===== Data to examine =====
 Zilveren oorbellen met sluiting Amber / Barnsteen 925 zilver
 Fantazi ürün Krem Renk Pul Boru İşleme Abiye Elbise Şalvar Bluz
=====
===== Data to examine =====
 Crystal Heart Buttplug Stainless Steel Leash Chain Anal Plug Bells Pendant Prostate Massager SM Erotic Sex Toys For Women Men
=====
===== Data to examine =====
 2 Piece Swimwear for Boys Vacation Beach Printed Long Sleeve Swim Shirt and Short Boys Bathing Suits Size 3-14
=====
The lines above from the one with "Zilveren oorbellen met" through the one with "Fantazi ürün Krem" are to be duplicated exactly, ends included, with nothing added.

 Zilveren oorbellen met sluiting Amber / Barnsteen 925 zilver
 Fantazi ürün Krem Renk Pul Boru İşleme Abiye Elbise Şalvar Bluz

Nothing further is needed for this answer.